Data for this task
_ _ _ _ _ _ _

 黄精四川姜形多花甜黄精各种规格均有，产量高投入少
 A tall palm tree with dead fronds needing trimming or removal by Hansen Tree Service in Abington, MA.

_ _ _ _ _ _ _

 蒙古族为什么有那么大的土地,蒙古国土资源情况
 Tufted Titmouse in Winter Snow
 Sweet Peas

_ _ _ _ _ _ _

Work to be completed
Every line from the line containing "黄精四川姜形多花甜黄精各种规格均有，产量高投入少" through the line containing "A tall palm" in the records above must be retyped exactly. Leave out the rest.

Exercise result
 黄精四川姜形多花甜黄精各种规格均有，产量高投入少
 A tall palm tree with dead fronds needing trimming or removal by Hansen Tree Service in Abington, MA.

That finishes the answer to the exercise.